Al fenomeno dell'urbanizzazione sono legati quello della povertà e quello dell'aumento della criminalità. Un'ulteriore sfida per la vostra Chiesa?

Direi che lo è per tutta la Chiesa. Abbiamo un serio dovere morale:  annunciare in modo chiaro ed esplicito il Vangelo e accompagnare quanti hanno ruoli politici importanti, affinché la società si tuteli contro ogni situazione di ingiustizia, soprattutto contro la corruzione. La Chiesa vuole lavorare con le autorità civili per spingere le stesse ad agire e ad assumere posizione decise. C'è ancora molta strada da percorrere per trovare nuove risposte, pur riconoscendo che ci sono stati grandi passi avanti, grandi e importanti conquiste.
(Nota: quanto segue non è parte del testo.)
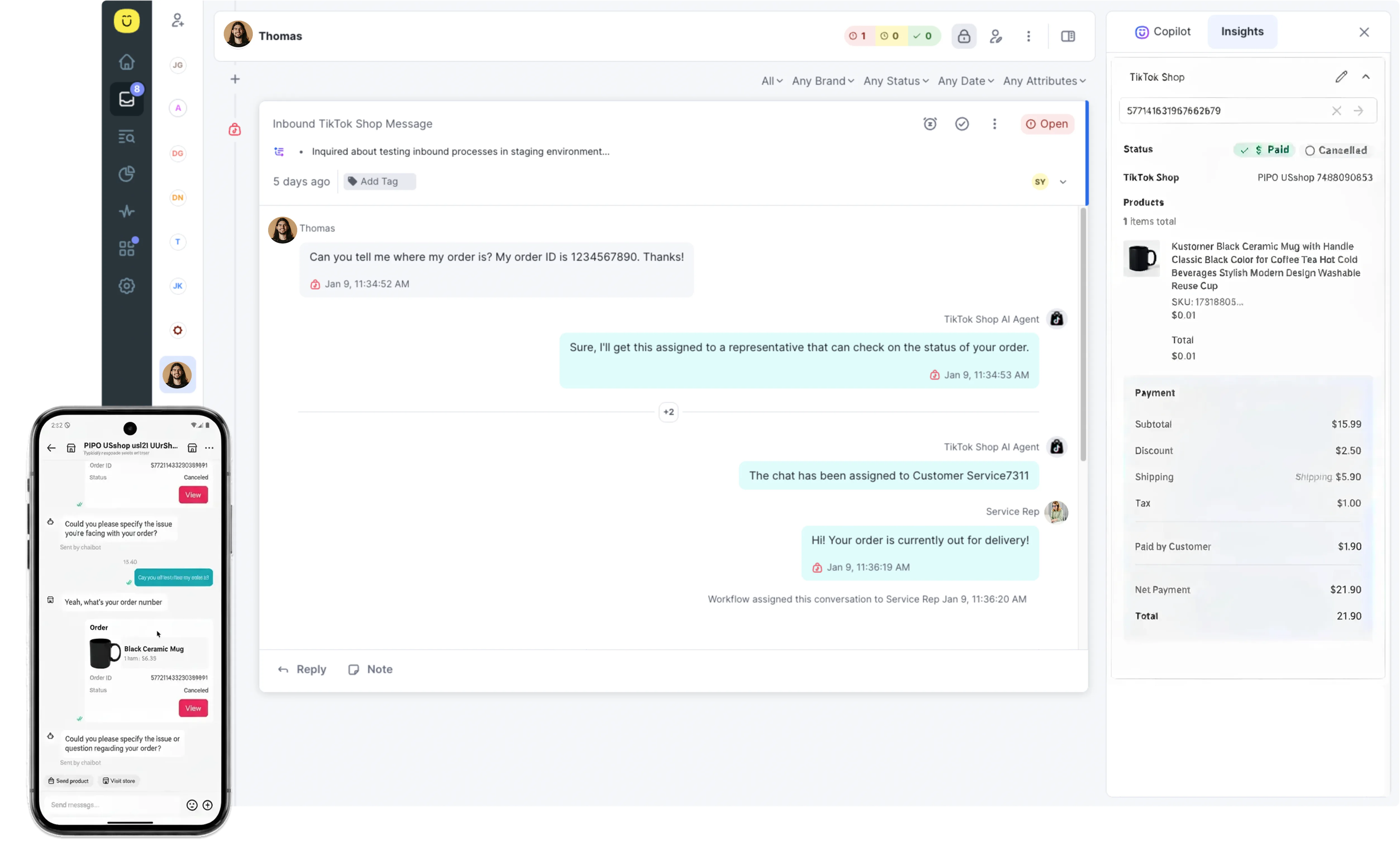 Screenshot of the Kustomer software with a smartphone showing the customer service messages in TikTok Shop asking where an order is.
Resta tuttavia la piaga dell'emarginazione in un Paese che pure sta vivendo un momento economico molto favorevole. Invitiamo quindi i nostri dirigenti a compiere azioni, non solo palliative, ma strutturali e strategiche, per cambiare questo scenario di povertà. Per quanto riguarda la violenza, si tratta di una sfida enorme, una vera epidemia nella società mondiale, e anche nella società brasiliana. Noi operiamo soprattutto creando comunità fra i più poveri e nei luoghi nei quali si verificano maggiormente episodi di violenza, per rendere una testimonianza di speranza. Quando le persone incontrano Dio, quando incontrano solidarietà, quando si riuniscono in comunità di fede, la violenza diminuisce. Per questo, siamo consapevoli di dover offrire esperienze significative di fede, di solidarietà e di umanità per cercare di cambiare la situazione. Si tratta di una sfida enorme e di un lungo cammino da percorrere, ma noi siamo presenti con speranza e grande gioia.